The Dallas Mavericks named Mike Schmitz general manager, the first major personnel move under newly appointed president of basketball operations Masai Ujiri. Schmitz, 35, joins from ESPN where he spent eight years as an NBA draft analyst and the network's youngest senior talent evaluator. His mandate: scouting, player personnel, strategic planning, and organizational collaboration across departments.
Schmitz arrives with Ujiri still assembling the rest of the front office architecture. The Mavericks announced the hire Tuesday without disclosing contract length or compensation, though comparable GM deals for candidates without prior executive experience typically land in the $1.2 million to $1.8 million annual range.

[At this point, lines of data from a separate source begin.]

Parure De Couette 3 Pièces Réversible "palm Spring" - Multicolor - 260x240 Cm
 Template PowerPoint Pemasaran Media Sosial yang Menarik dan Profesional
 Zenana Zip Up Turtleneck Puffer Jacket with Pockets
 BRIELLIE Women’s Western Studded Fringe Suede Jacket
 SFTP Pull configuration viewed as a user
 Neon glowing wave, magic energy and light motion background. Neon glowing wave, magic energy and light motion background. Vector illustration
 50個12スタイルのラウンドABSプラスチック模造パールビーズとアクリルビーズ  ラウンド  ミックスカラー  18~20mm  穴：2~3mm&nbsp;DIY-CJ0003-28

Schmitz reports directly to Ujiri, who assumed the president role in late March after Mark Cuban sold his majority stake to the families of Miriam Adelson and Patrick Dumont for $3.5 billion. The new ownership group made clear they wanted a front office reset even as the team sits fourth in the Western Conference.
The hire matters because Dallas is not rebuilding. Luka Dončić is 26, Kyrie Irving is locked in through 2026, and the team carries a $188 million payroll with limited draft capital after trading future firsts to land Irving and upgrade the roster around him. Schmitz's background is international scouting and draft evaluation, but his immediate challenge is different: finding rotation pieces in the margins while managing a luxury tax bill that could reach $220 million if Dallas extends its core. Ujiri's track record in Toronto suggests he values GMs who can execute a plan under financial constraints, not theorize about it. Schmitz's ESPN tenure gave him visibility into every draft class since 2017, but no prior negotiating experience with agents or rival front offices.

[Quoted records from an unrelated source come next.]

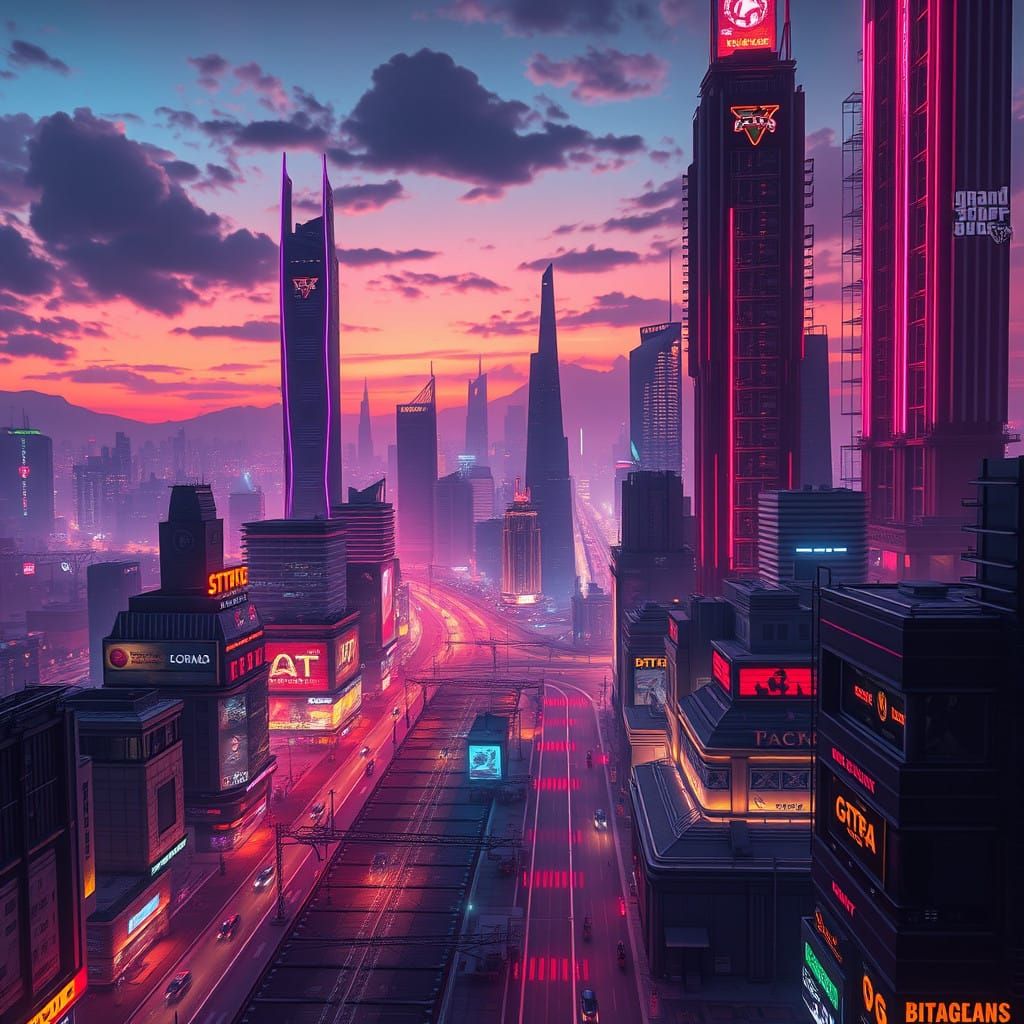 Epic Futuristic Metropolis at Twilight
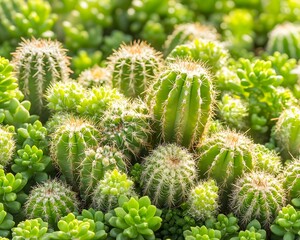 A close-up view of a cluster of green cacti, some with white spines, growing amongst smaller succulent plants, bathed in warm sunlight
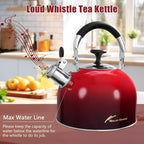 Tea Kettle Stovetop,Stainless Steel Whistling Tea Kettle For Stove Top, 2.5 Qt Tea Pot With Folding Handle, Food Grade Water Teapot Water Kettle For Stove Home Camping Travel,Gradient Red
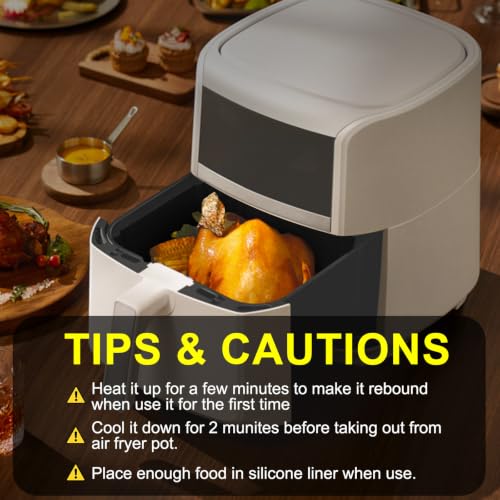 Square Silicone Air Fryer Liners - 7.1 Inch Reusable Non-Stick Basket Mat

The timing is not neutral. Dončić's super-max extension includes an opt-out clause in the summer of 2026, creating a hard deadline for Ujiri and Schmitz to show progress. Dallas reached the NBA Finals in 2024 but lost to Boston in five games, and the front office turnover arrives as Irving enters his age-32 season. Schmitz's hire suggests Ujiri is prioritizing talent identification over veteran dealmaking, at least in the GM seat. That may signal a shift toward maximizing the current roster while quietly building a pipeline for the next phase, whenever that begins.

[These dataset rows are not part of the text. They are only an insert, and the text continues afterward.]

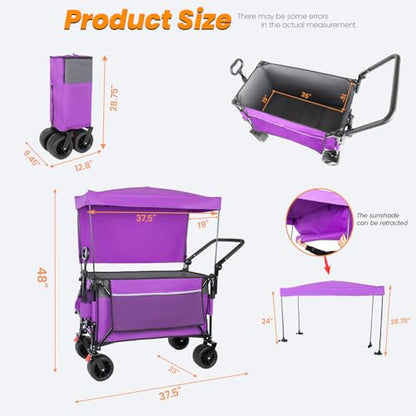 Folding Wagon Cart with Removable Canopy 480LBS Utility Cart on Wheels - color: Purple Canopy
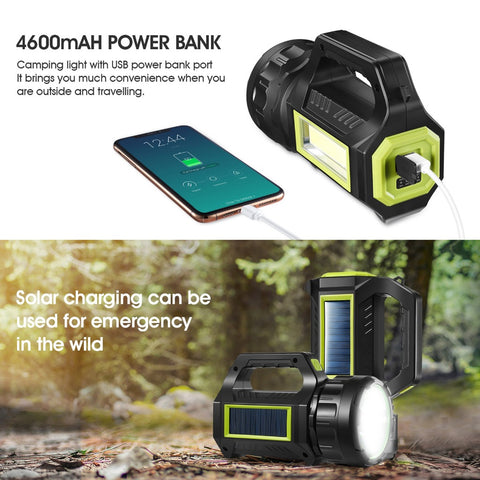 Lanterna LED 150.000 Lúmens Solar + USB | 30W 20000mAh Power Bank IPX4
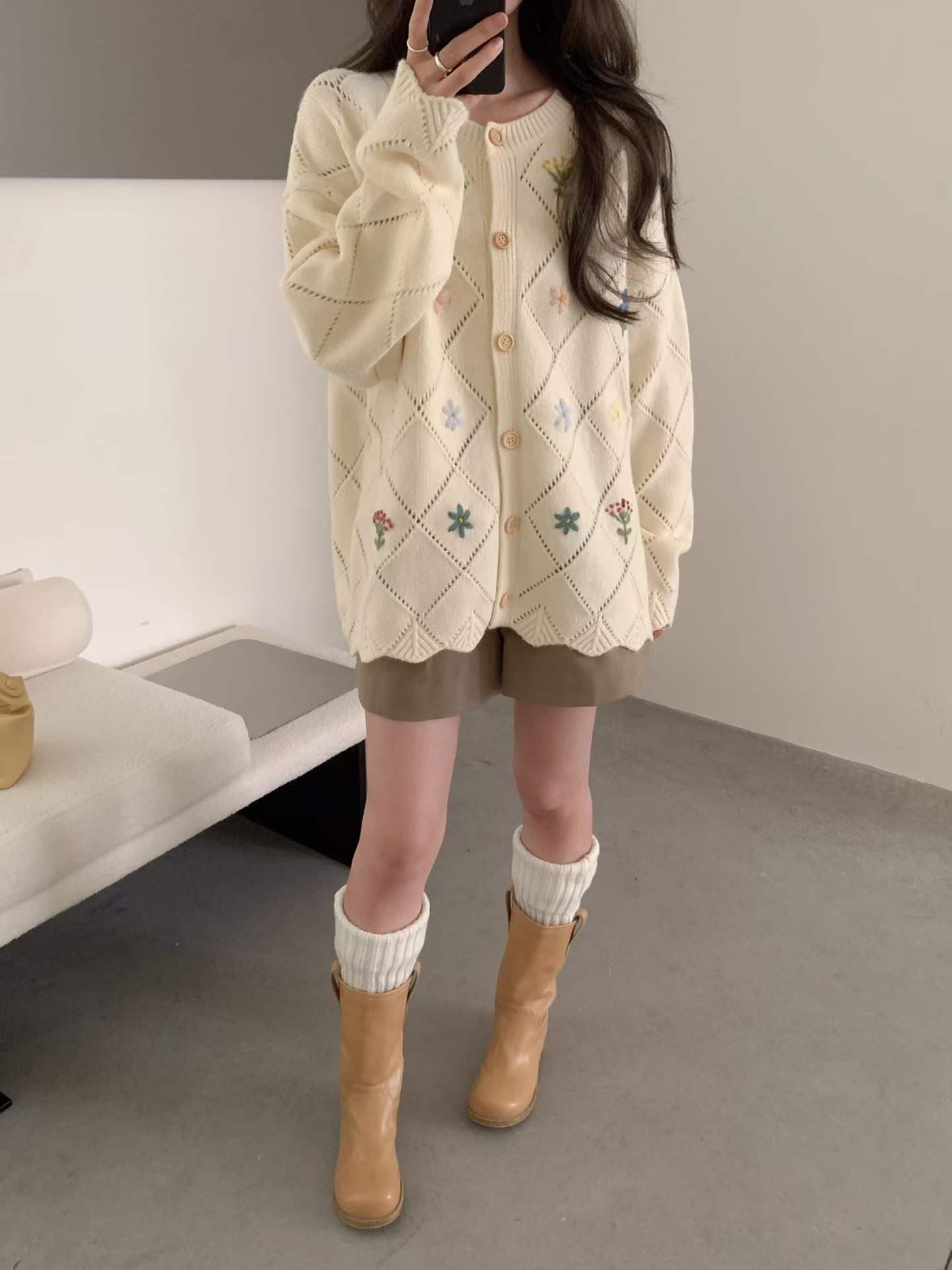 한 부서 달콤함 슈퍼 잘 생긴 긴팔 니트 오픈 가디건 여성 가을 겨울 새로운 빅 사이즈 지방 mm 자수 슬림해 보이는 다용도 스웨터 상세 이미지 12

What to watch: Ujiri is expected to name an assistant GM and a vice president of basketball strategy within the next 30 days, according to two people familiar with the search. Schmitz's first major test comes at the February trade deadline, where Dallas has limited flexibility but needs perimeter depth. The Mavericks also hold a single second-round pick in the 2025 draft, making predraft scouting less urgent than immediate roster optimization.
Schmitz's phone has been ringing since the hire leaked Monday afternoon. He spent Tuesday morning on calls with the Mavericks' coaching staff and scouts, and Tuesday evening courtside at a G League showcase in Las Vegas, sitting two seats from Ujiri. The work is already underway.